Carbon has set up a $100,000 Pan-African fund to address the lack of funding and support holding back budding tech entrepreneurs on the African continent.
Carbon’s Disrupt fund, will invest up to $10,000 per start-up for five per cent equity and give access to Carbon’s API, allowing investees to leverage Carbon’s growing customer base and innovative technology platform, to get to market faster. Acknowledging that its success was dependent on the growth of the tech ecosystem, Carbon expects the initiative to spark more collaboration and further investment that should drive growth across the ecosystem.
With this, Carbon is now accepting applications from companies with operations in Uganda, Kenya, Nigeria, Ghana, Cote d’Ivoire and Egypt.
Startups looking to apply for the fund must have a functioning product, post revenue and looking to operate in multiple countries. The fund has a wide investment mandate but target sectors include insurance, health, education which have not seen as much investment as the fintech space.
More than 50 per cent of startup funding on the continent in 2019 went to fintech firms1, despite the abundance of opportunities that exist in other sectors. Carbon’s Disrupt fund has been developed to tackle this head on, making it easier for entrepreneurs across all sectors to access the funds and get support they needed to establish their solutions and achieve their business objectives. The fund will also provide mentorship, access to Carbon’s customers and payment platform, as well as office space in Carbon’s Lagos offices.
Announcing the initiative, the CEO and co-Founder of Carbon, Chijioke Dozie, said: “Common investor wisdom is to stay in your market and dominate. This assumes that you are expanding on your own but we believe that by collaborating and partnering deliberately, Carbon and other tech companies can scale faster and build more enduring platforms.
“There are many excellent companies across the continent looking for the kind of scale Nigeria offers and we are excited to partner with them to provide the support and financial investment they need.
“We are equally excited to expand beyond Nigeria and Kenya by working with a new generation of innovators across the continent and sharing our experience to tackle common obstacles to growth.”

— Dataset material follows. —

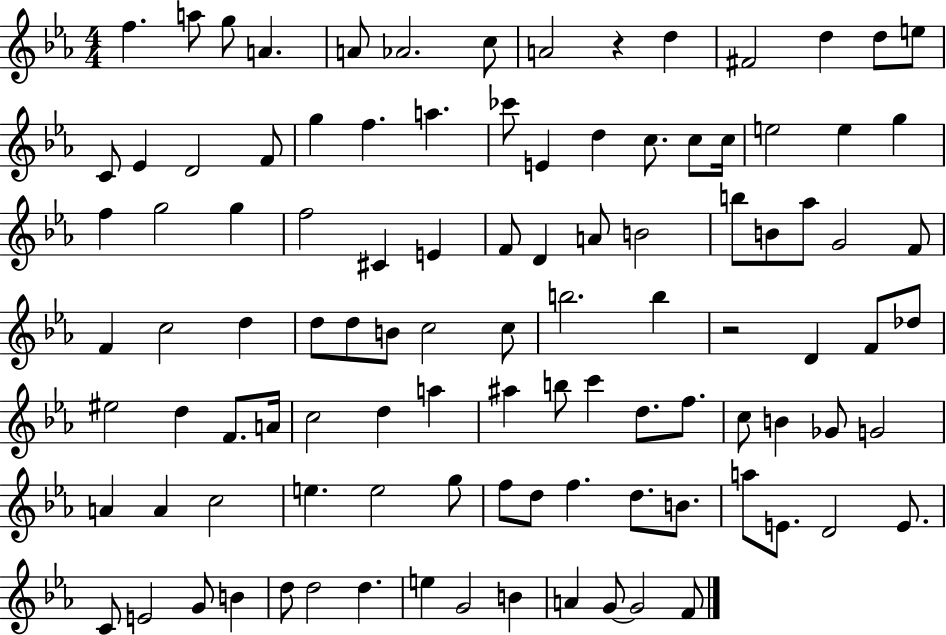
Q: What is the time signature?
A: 4/4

Another Co-founder of Carbon, Ngozi Dozie, added: “The investing environment for early stage startups has improved in recent years. However, a key issue for most startups that has not been addressed is the cost of customer acquisition.
“A lot of money is spent on acquiring customers, mainly via social media, when a more collaborative approach among tech companies could be more efficient.
“Our fund will enable this collaboration, allowing others to market to our customer base and vice versa, a win-win for everyone.”